Come previsto dai dettami della narrativa gialla, il morto (in questo caso sono due) si offre, subito, nel primo capitolo con tutto il carico di mistero e crudezza giusto per spalancare le porte della scena del crimine alla curiosità del lettore e ai meccanismi dell’intrigo investigativo. La vicenda narrata ne L’uomo di Berlino (esordio editoriale di Luke Mccallin e recentemente pubblicato da Baldini & Castoldi) è ambientata nel 1943 in piena occupazione nazista dei Balcani. Un palcoscenico certamente originale per gli appassionati del delitto ambientato nel periodo della seconda guerra mondiale. I due corpi vengono rinvenuti nel salone di una lussuosa villa alla periferia di Sarajevo. Sangue rappreso ai muri e alle pareti, tintinnio di porcellana e lacrime femminili fanno da sottofondo al ritrovamento di Marija Vukic, una giovane regista e giornalista ustascia, donna amata dal suo pubblico per i reportages girati sui fronti di guerra al seguito delle truppe tedesche, una donna con le mani in pasta dappertutto, uccisa con 18 colpi d’arma da taglio. Accanto a lei il cadavere di un ufficiale tedesco, il tenente Stefan Hendel, responsabile della sicurezza interna dei servizi segreti. Il compito di scoprire la verità viene affidato a Gregor Reinhardt, ufficiale della Wermacht con una ventennale esperienza nella Kriminalpolizei, affiancato nel suo lavoro di indagine dall’ispettore Andro Padelin della polizia croata.

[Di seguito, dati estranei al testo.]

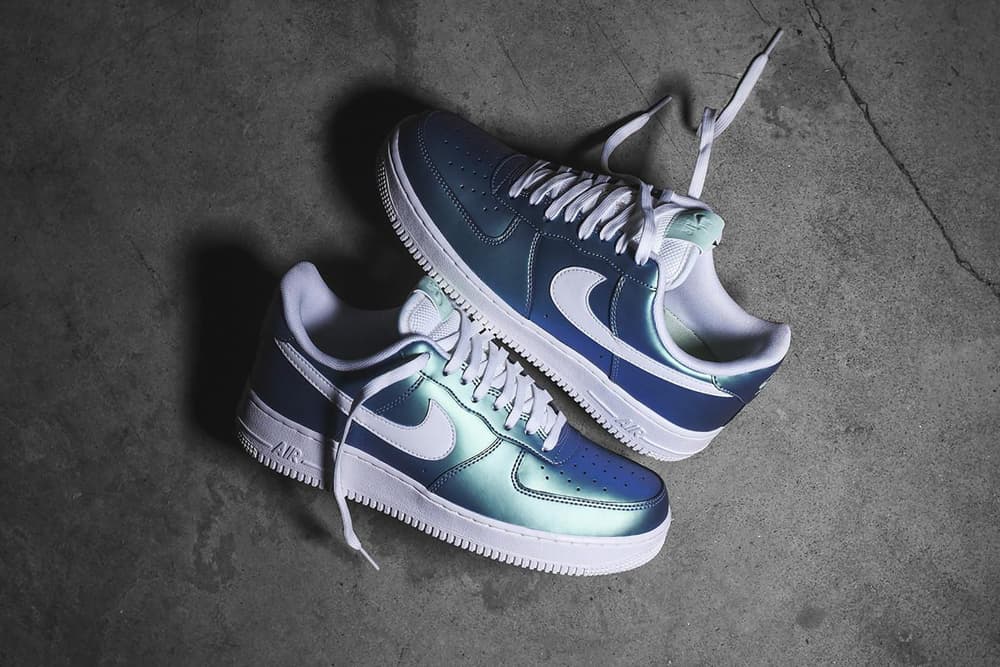 nike air force 1 white mint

La trama prosegue rispettando i canoni della letteratura di genere, un militante comunista preso come capro espiatorio per chiudere il caso, un paio di false piste, una scia di cadaveri e il torbido che pervade le stanze del potere, con le ambizioni politiche e personali dei suoi protagonisti. Un mondo di verità nascoste sotto la crosta del buio e dell’omertà destinato a svelarsi lasciando una traccia profonda sia nel protagonista che nel lettore.
L’uomo di Berlino si presenta come un romanzo rigoroso. Lo è nello stile ricco delle mille sfaccettature che rendono credibile ambientazione e realtà del passato, un insieme fruibile quasi come fotogrammi cinematografici. Un mosaico composto da mille tasselli, la credibilità urbana, lo sferragliare dei tram, il tintinnio delle medaglie sulle divise degli ufficiali, i volti carichi d’odio degli ustascia, i manifesti strappati dai muri, le arcate gialle del mercato, i sidecar e le bandierine sulle vetture dei diplomatici.
Ma il romanzo è rigoroso anche nel ritmo sempre alto di scrittura e nella caratteristica opacità d’atmosfera di cui la vicenda è intrisa. Quasi torbida. I contorni non sono netti, tutto sfuma nell’amalgama degli aspetti più dissonanti dell’epoca, arroganza, boria, tradimenti e falsità, e delle contraddizioni umane tipiche degli anni della grande catastrofe annunciata, base di una guerra crudele che ha insanguinato, oltre ai Balcani, l’intera Europa.
Rigoroso anche il profilo del protagonista Gregor Reinhardt che traspare attraverso gli incubi notturni e i tormenti alla luce del sole, ferite invisibili lasciate dalla sua esperienza al fronte nel 1914, ai dolori famigliari e alla sua personale contrapposizione al pensiero nazista. La complicità dell’alcol, il tormento delle immagini del suo passato lo perseguitano come quelle dei prigionieri di guerra dentro stanze spoglie e illuminate da luci asettiche, a ricostruire l’enigma che ognuno di loro rappresentava. E poi, quella voglia quasi fisica di premere la canna della pistola alla tempia, un desiderio che lo assale tra una sigaretta Atikah e la successiva.
L’uomo di Berlino è un romanzo scolpito nella pietra, imponente nella sua durezza ma con un’armonia che ci avvicina al suo protagonista e al periodo storico tanto da lasciarci l’ennesimo dubbio (all’interno di un confronto che non avrà mai fine) sul fatto che un thriller di qualità debba per forza essere etichettato sempre e solo come tale o se non debba rientrare a pieno merito nel mondo della letteratura.